- **Task goal**: Reproduce the entries word for word but drop every picture.

- **Dataset records**:

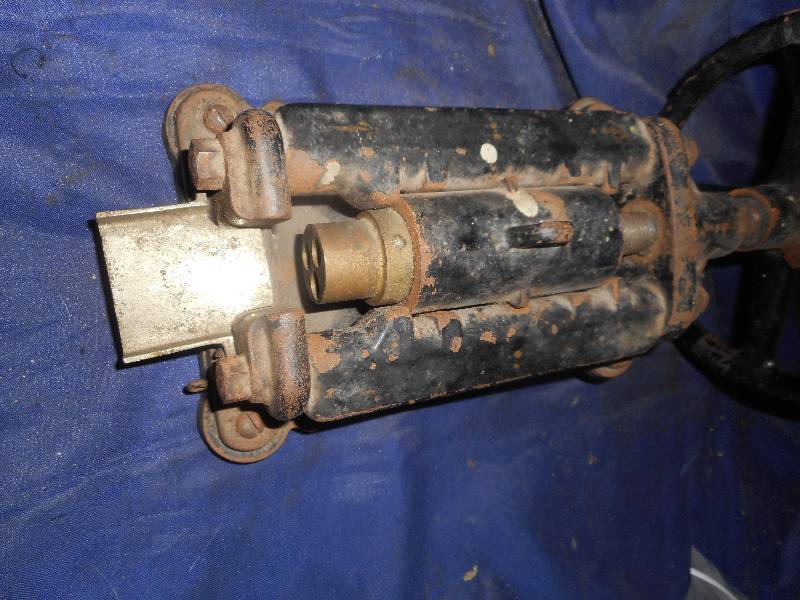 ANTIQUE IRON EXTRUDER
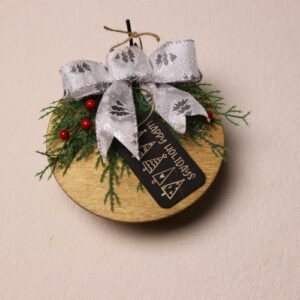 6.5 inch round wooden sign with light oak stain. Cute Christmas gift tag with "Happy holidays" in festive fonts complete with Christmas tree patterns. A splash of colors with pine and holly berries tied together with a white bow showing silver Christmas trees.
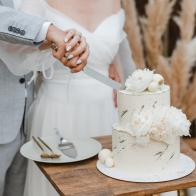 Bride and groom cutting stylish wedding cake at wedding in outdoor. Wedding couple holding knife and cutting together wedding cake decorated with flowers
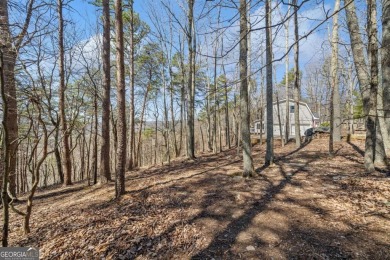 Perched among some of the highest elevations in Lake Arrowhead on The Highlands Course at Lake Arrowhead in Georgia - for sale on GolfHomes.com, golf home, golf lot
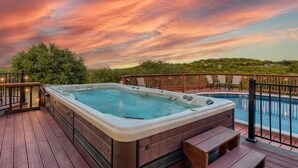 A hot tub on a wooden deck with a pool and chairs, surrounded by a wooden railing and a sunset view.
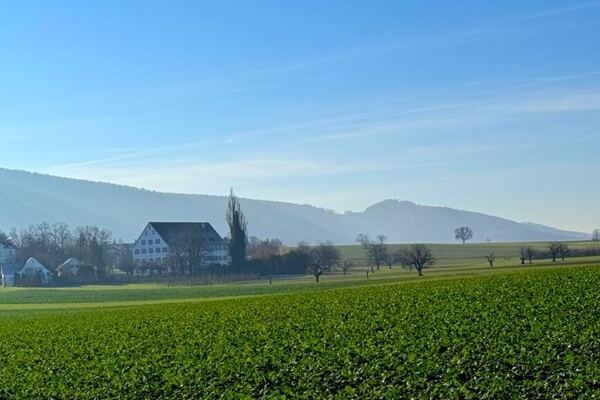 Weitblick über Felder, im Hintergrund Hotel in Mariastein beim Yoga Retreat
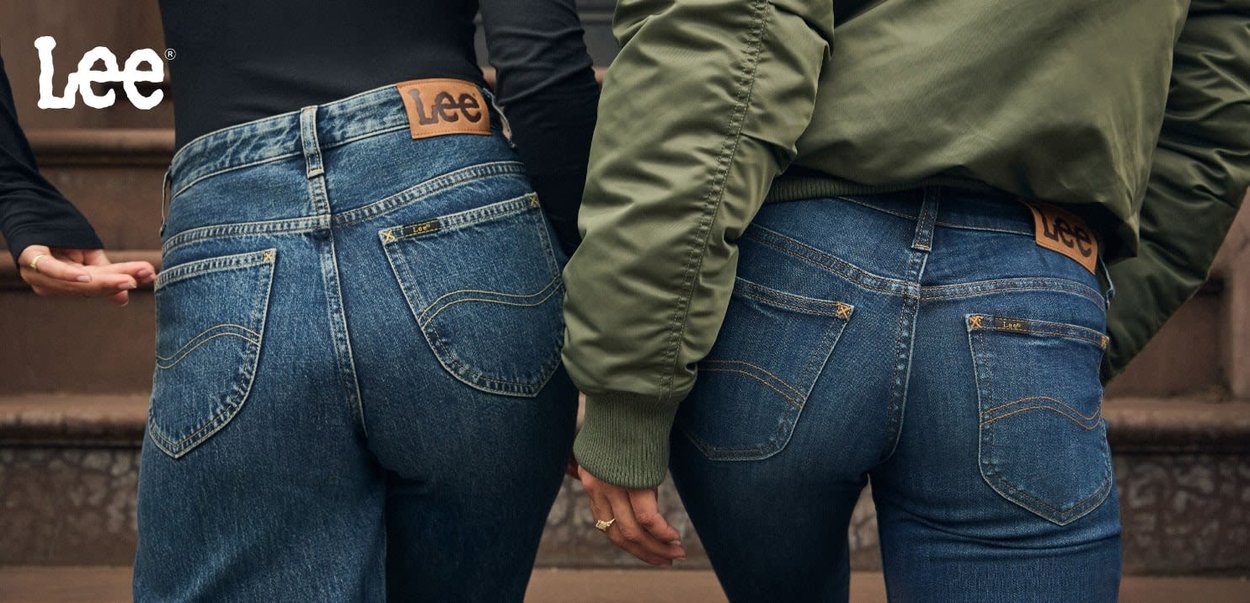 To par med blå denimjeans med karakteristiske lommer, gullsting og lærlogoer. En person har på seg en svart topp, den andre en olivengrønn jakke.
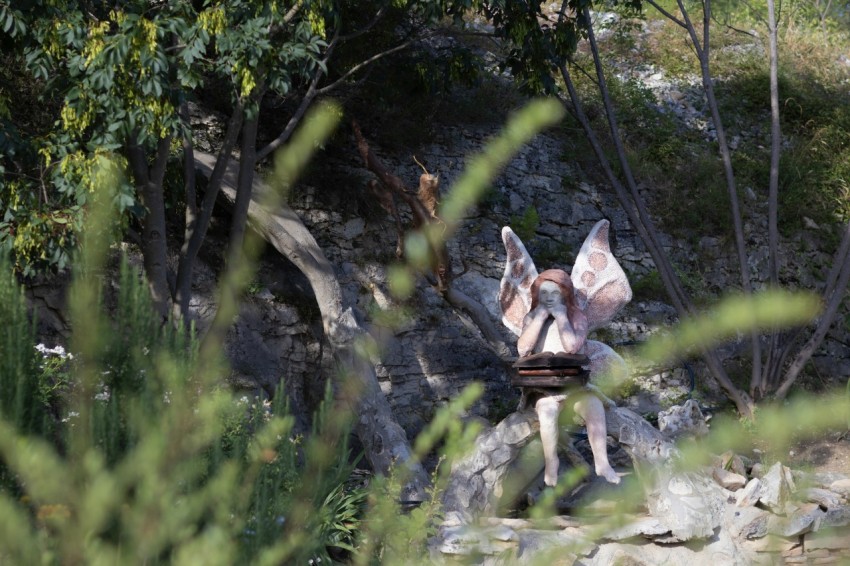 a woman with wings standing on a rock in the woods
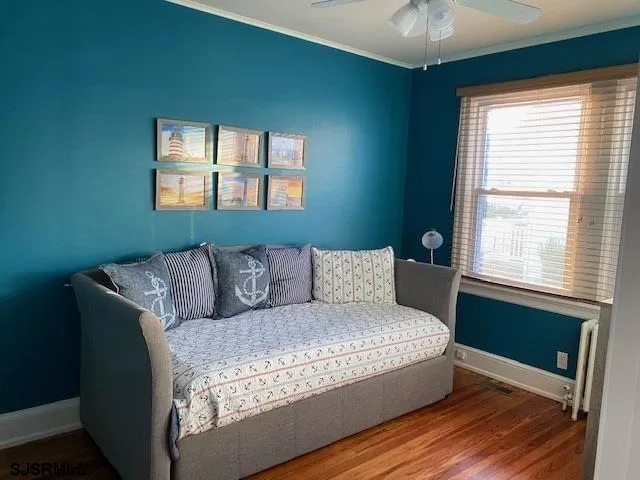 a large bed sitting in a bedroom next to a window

- **Answer box**:
 ANTIQUE IRON EXTRUDER
 6.5 inch round wooden sign with light oak stain. Cute Christmas gift tag with "Happy holidays" in festive fonts complete with Christmas tree patterns. A splash of colors with pine and holly berries tied together with a white bow showing silver Christmas trees.
 Bride and groom cutting stylish wedding cake at wedding in outdoor. Wedding couple holding knife and cutting together wedding cake decorated with flowers
 Perched among some of the highest elevations in Lake Arrowhead on The Highlands Course at Lake Arrowhead in Georgia - for sale on GolfHomes.com, golf home, golf lot
 A hot tub on a wooden deck with a pool and chairs, surrounded by a wooden railing and a sunset view.
 Weitblick über Felder, im Hintergrund Hotel in Mariastein beim Yoga Retreat
 To par med blå denimjeans med karakteristiske lommer, gullsting og lærlogoer. En person har på seg en svart topp, den andre en olivengrønn jakke.
 a woman with wings standing on a rock in the woods
 a large bed sitting in a bedroom next to a window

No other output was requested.